[Image: Remote driving via a steering-wheel control system. Credit: Vay]
Israeli computer vision company Nexar announced a partnership with mobility startup Vay to integrate its AI-based accident prediction model into Vay’s remotely driven vehicle fleet. The model, called BADAS (Beyond ADAS), is designed to identify road hazards seconds before they occur and provide real-time alerts about dangerous situations.
According to the companies, the integration will add a predictive safety layer to Vay’s remote-driving system — a service considered the world’s first commercial fleet of vehicles driven remotely on public roads.
As part of the collaboration, Nexar’s AI model will analyze video streams and sensor data from cameras installed on Vay’s vehicles in order to identify potential risk situations. The goal is to add predictive capabilities that anticipate danger before the operator reacts, generating alerts for scenarios such as a nearby vehicle drifting out of its lane, a pedestrian stepping into the road, or unusual traffic patterns at an intersection.
A car that arrives without a driver
Vay is a mobility startup founded in Berlin in 2018 that is developing a new model for urban transportation: a car that arrives at the user without a driver — but is not fully autonomous.
Instead, the vehicle is delivered by a human operator located in a remote control center who drives the car using a tele-driving system.
When a user orders a vehicle through the company’s app, a remote operator drives the car to the requested location. Once the vehicle arrives, control is handed over to the user, who drives the car to their destination. At the end of the trip, the remote operator reconnects to the vehicle and either parks it or drives it to the next customer.
The model combines elements of car sharing and ride-hailing but differs from both: there is no driver inside the vehicle, yet the system is not fully autonomous. The concept is designed to offer a flexible and potentially cheaper alternative to taxi services while avoiding the complexity and high costs associated with developing fully autonomous vehicles.
Vay’s system relies on a fleet of electric vehicles equipped with multiple cameras, real-time data connectivity, and safety mechanisms that enable low-latency remote control. The operator sits at a control station that mimics a traditional driving cockpit, complete with a steering wheel, pedals, and screens displaying the vehicle’s surroundings.
The company launched its commercial service in Las Vegas and has raised more than $200 million from investors including Kinnevik, Coatue, and Atomico. Its business model relies on a shared fleet of vehicles, with remote operators responsible for delivering cars to users and managing fleet logistics between trips.
Not a driving model — a crash prediction model
The technology Nexar is integrating into the service is based on its AI model BADAS, designed to predict crashes and road risks before they occur.
The model was trained on a massive dataset of real-world driving data collected over several years from a global network of dashcams installed in private vehicles, commercial fleets, and urban monitoring systems.
Unlike traditional ADAS systems that react to events once they occur, BADAS attempts to identify early behavioral patterns that indicate a potential risk. Nexar’s dataset includes thousands of “near-miss” events — situations in which a dangerous scenario emerged but no actual crash occurred — allowing the model to learn what abnormal behavior on the road looks like.
According to the company, the model was able to predict accidents on average 4.9 seconds before they happened during testing.
Nexar does not aim to build its own autonomous vehicles. Instead, it positions the model as infrastructure that can be integrated into systems developed by automakers, insurance companies, commercial fleets, and smart city platforms.
A complementary technology stack
The collaboration combines two complementary layers of technology: a remote-driving system that allows vehicles to operate without a driver inside the car, and an AI model that analyzes the driving environment and provides early warnings of potential hazards.
In Vay’s system, the remote operator relies on live video feeds from the vehicle’s cameras to understand the road environment. Nexar’s predictive model can add an additional layer of analysis on top of that video stream — effectively acting as an AI-powered assistant that identifies dangerous patterns and alerts the operator before they notice them.
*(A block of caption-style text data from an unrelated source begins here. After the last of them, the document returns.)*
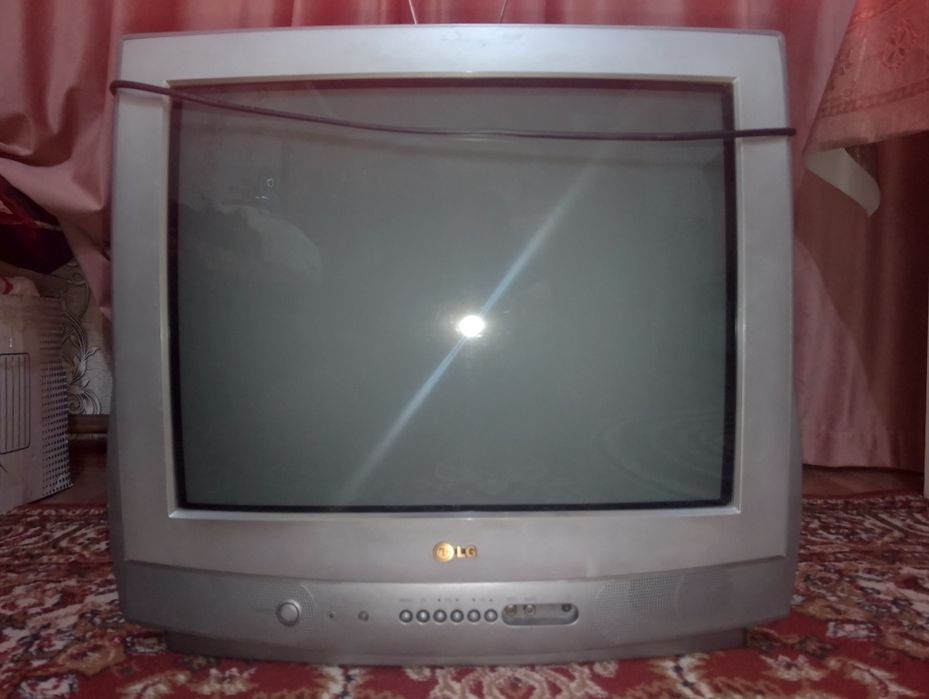 Продам телевизор LG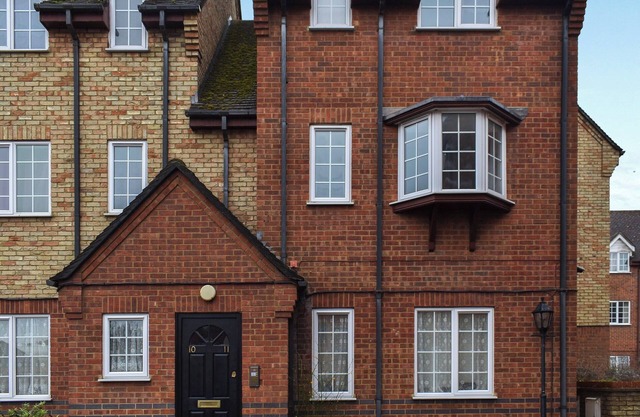 2 bedroom accommodation in Shefford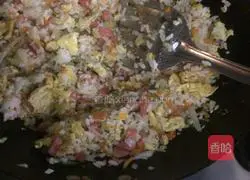 Illustration of how to make fried rice 11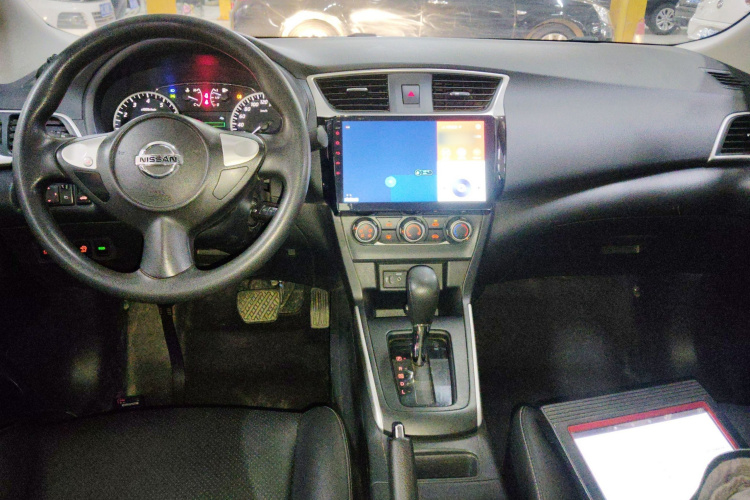 日产 轩逸 2021款 经典 1.6XE CVT舒适版中控内饰7002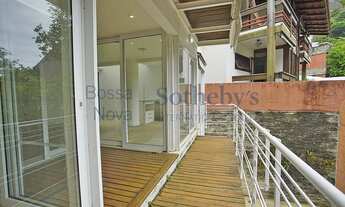 Imagem 7: Casa com projeto arquitetônico e paisagismo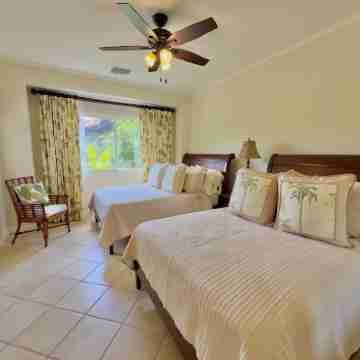 Spacious condo with panoramic ocean and golf  views Rooms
Beyond improving safety, such a system could also increase the operational efficiency of the service. A predictive monitoring layer that continuously analyzes the environment may reduce cognitive load on remote operators and allow the company to scale its fleet operations while maintaining high safety standards.
For Nexar, the partnership demonstrates how its model can serve as a foundational software layer across multiple mobility platforms — not only in private vehicles or ADAS systems, but also in connected fleets and emerging transportation services.
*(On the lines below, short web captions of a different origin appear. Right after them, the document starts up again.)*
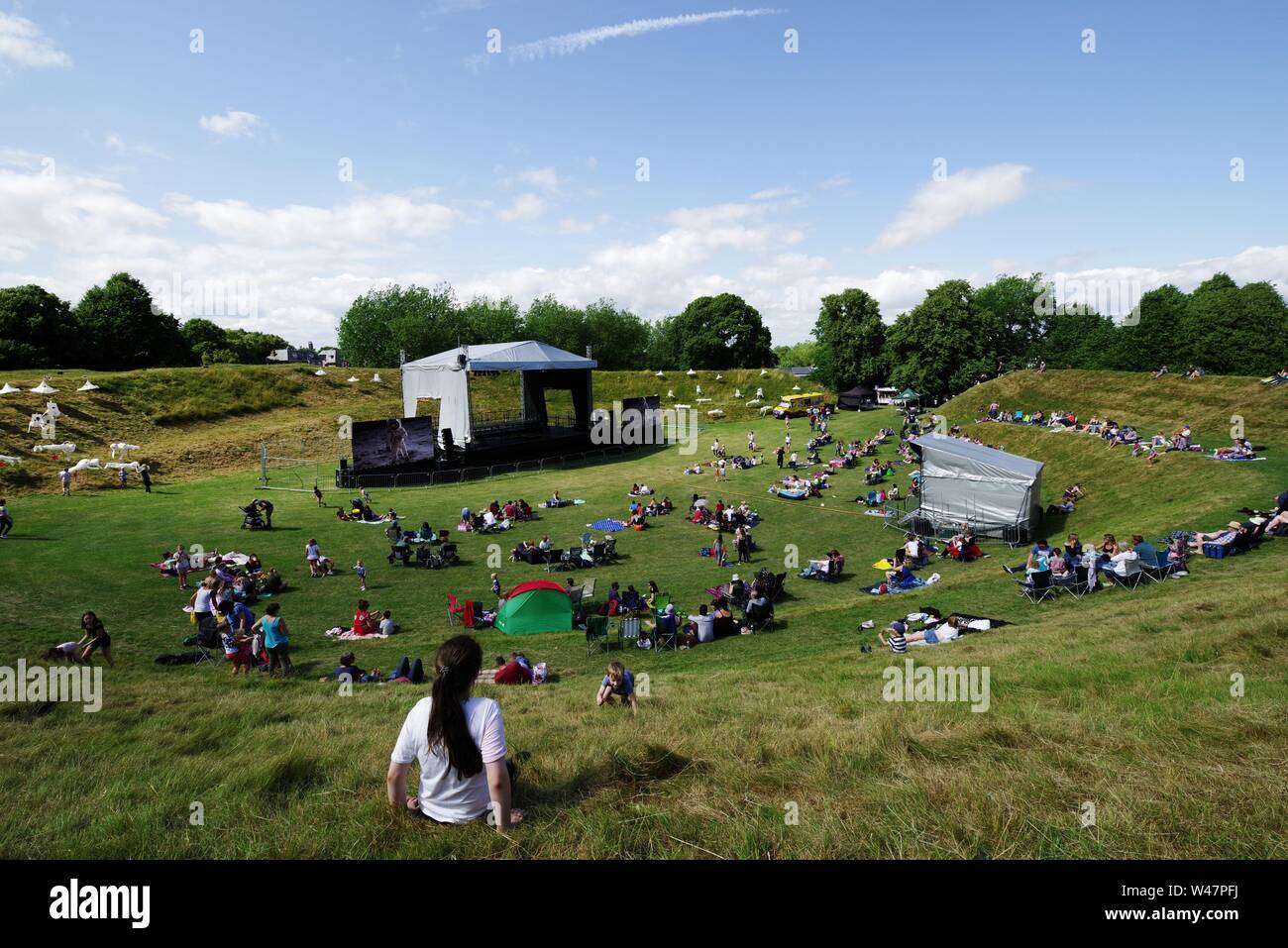 Dorchester Künste feiert den 50. Jahrestag der ersten Mondlandung, Juli 2019 20. Das Museum des Mondes am Corn Exchange erstellt von Luke Jerram auf dem Display ist in Synchronisierung mit drei Tage luner thematische Veranstaltungen an Maumbury Rings umbenannt Moonbury Ringe. Mond und Apollo Laternen werden um Maumbury Rings angezeigt. Stockfoto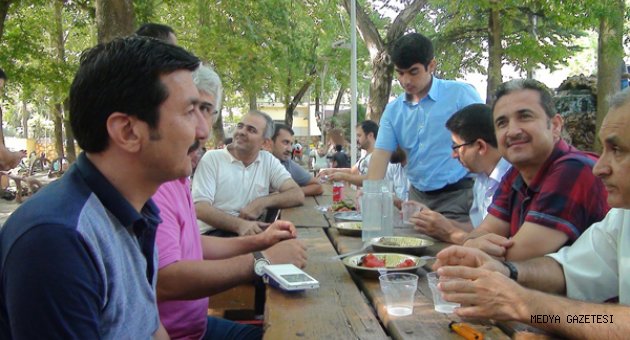 Tam 21 Yıl Sonra Aynı Sıralara Oturup Hasret Giderdiler…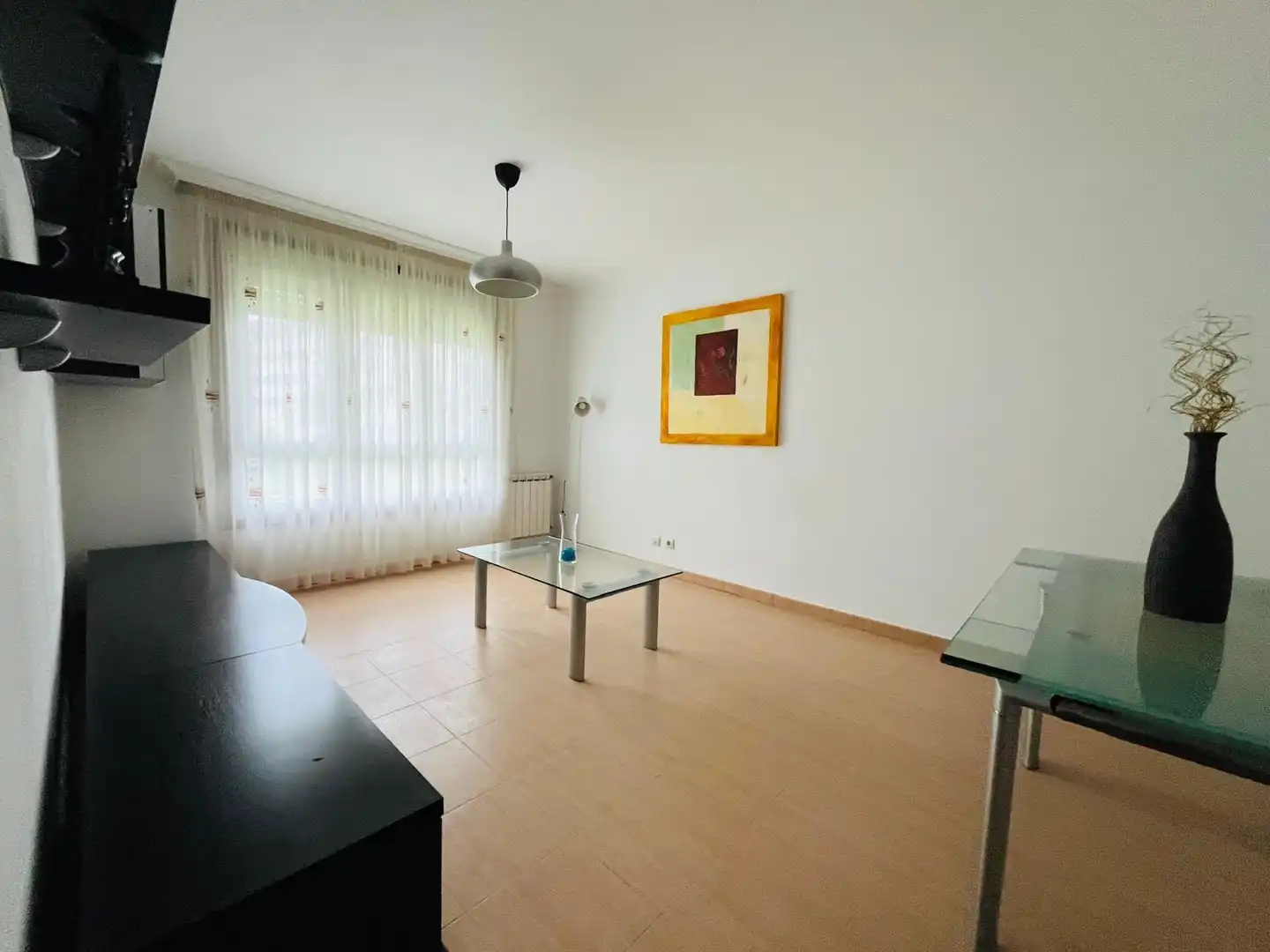 Sala d'estar de Apartament en venda en Pontevedra Capital  amb Terrassa i Traster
More broadly, the move reflects a growing trend in the transportation industry: the shift from reactive safety systems that detect danger after it appears to predictive systems built on real-world driving data.
If models of this type prove reliable at scale, they could become a core software layer in next-generation transportation safety systems — whether in autonomous vehicles, connected fleets, or remote-driving services.